ZEN, JUSTICE AND THE MARTIAL ARTS
by Mink Zhen Shakya

So how did the Lion of Buddha on our Zen escutcheon go from rest to attack? Two reasons suggest themselves. Money is, of course, an obvious answer; a soldier who is at ease can enjoy quiet contemplation; but a soldier who rises to fight when he's not defending what's his, is, in one way or another, a mercenary. The other reason is not so obvious. It requires us to appreciate that it is the "soldier" who is resting. Let's look first at the damage the money problem creates.

If there were only a few Buddhist pirates our there and if these targeted only a specific and limited source of booty, we'd have amusement or embarrassment but not discomfort. The problem is that the pirates are increasing in number and the stricken targets, in falling, strike others.

When clever professionals obtain donations for their dubious causes, money that might routinely have gone to support someone's local Zen Center not only is diverted to these expensive promoters, but, in enriching them, provides for even more funding campaigns. Many small, independent Zen Centers, struggling to escape financial ruin, can attribute at least part of their distress to this appropriation of charitable dollars.

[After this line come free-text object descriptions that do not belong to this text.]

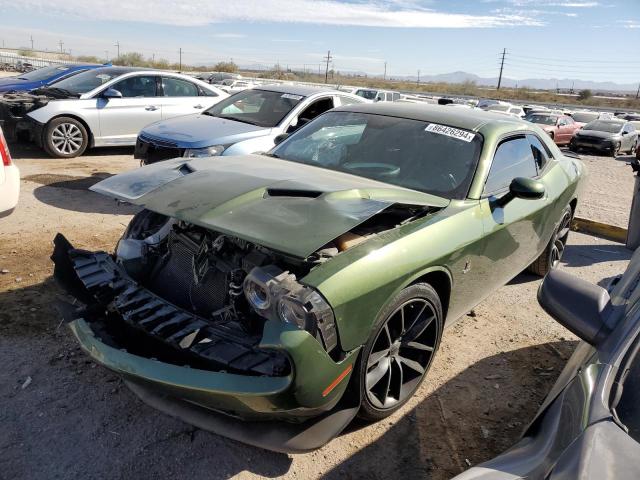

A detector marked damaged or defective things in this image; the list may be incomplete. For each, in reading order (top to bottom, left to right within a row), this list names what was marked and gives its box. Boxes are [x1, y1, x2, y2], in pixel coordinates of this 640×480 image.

crumpled front bumper [52, 234, 362, 452]
broken headlight assembly [242, 266, 338, 352]
damaged green dodge challenger [53, 103, 584, 452] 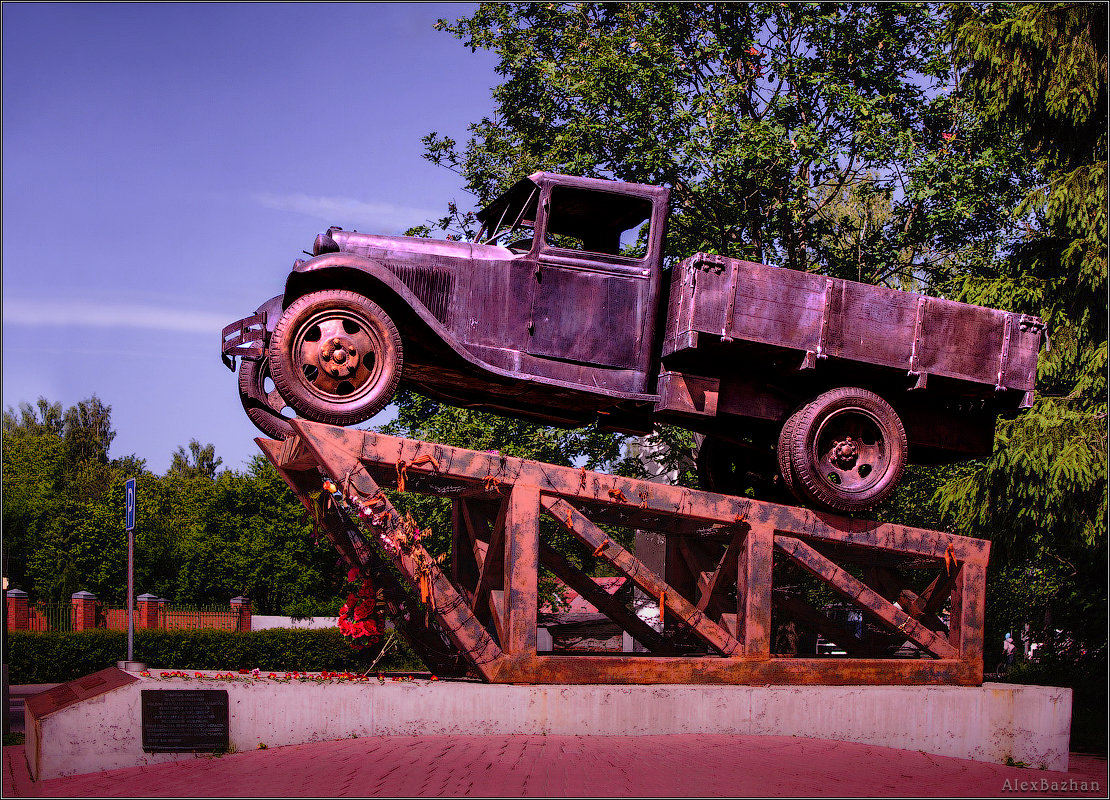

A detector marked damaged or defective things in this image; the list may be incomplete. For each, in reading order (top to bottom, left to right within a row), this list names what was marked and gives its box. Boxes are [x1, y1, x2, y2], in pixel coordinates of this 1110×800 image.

rusty vintage truck [222, 173, 1048, 512]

It's an old story: a well financed and unscrupulous business opens across the street from an established competitor. It lowers its prices and spends much on decor and advertisement; and the competition, despite years of honorable service, is abandoned. Once the old supplier collapses, the newcomer's got the only venue in town. And if it's Buddhism that's being sought, what might anyone expect from an institution that resorts to such tactics? Not the Dharma, surely.

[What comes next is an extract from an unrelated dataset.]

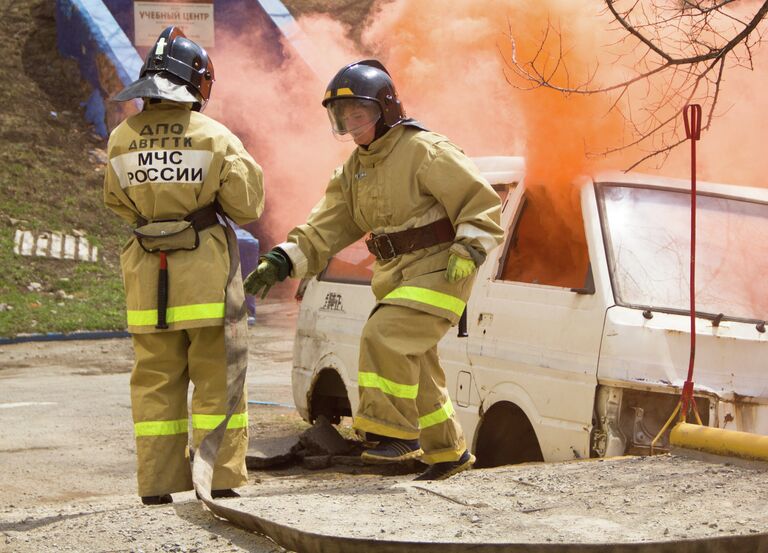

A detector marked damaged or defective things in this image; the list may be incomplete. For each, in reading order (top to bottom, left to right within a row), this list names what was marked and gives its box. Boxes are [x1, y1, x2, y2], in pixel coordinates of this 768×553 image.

damaged van body [290, 158, 768, 466]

The "Free Tibet/Anti-gun" marriage presents us with an interesting case history of lost or impractical causes, both of which, however, bring considerable dowry to their union.

Years ago Tibet had allies in Senator Jesse Helms and the Fundamentalist Christian Right who were fiercely opposed to Communism. (The friend of my friend is possibly my friend but the enemy of my enemy is definitely my friend.) That Tibet hated China made Tibet a wonderful hot-button issue to American anti-Communists.

But then we established diplomatic relations with China and began to trade in Chinese goods... and we understood foreign policy in terms of the domestic mantra, "It's the economy, Stupid!" The Berlin Wall came down and with all the talk of Perestroika we suddenly heard no more about Tibet versus Communism.

And so the emphasis was switched from politics to religion. China was charged with persecuting Tibetan Buddhists. But the Christian Right wasn't interested in saving Buddhists, Tibetan or otherwise, and funds had to be raised by pushing new emotional buttons the way the anti-Communist button used to cry out for massage. (Of course, it is also possible that the Christian Right finally learned the meaning of the word "theocracy". One Pope in the universe was already one Pope too many for most of them.)

Soon everyone was trying to milk the cash cow. Old sources of income from selling books, supplies and garments, and from guest accommodations and membership fees, began to run dry as Buddhist organizations competitively multiplied; and soon we had enterprising souls solicitously pulling for a variety of causes.

We know that the best fund-raising techniques are either prestige-based or empathy- based. (Occasionally we can shame a person into giving; but, unless it be inspired by blackmail or the deeds that prompt a Remittance Man's check, shame is rarely a reliable source of income.)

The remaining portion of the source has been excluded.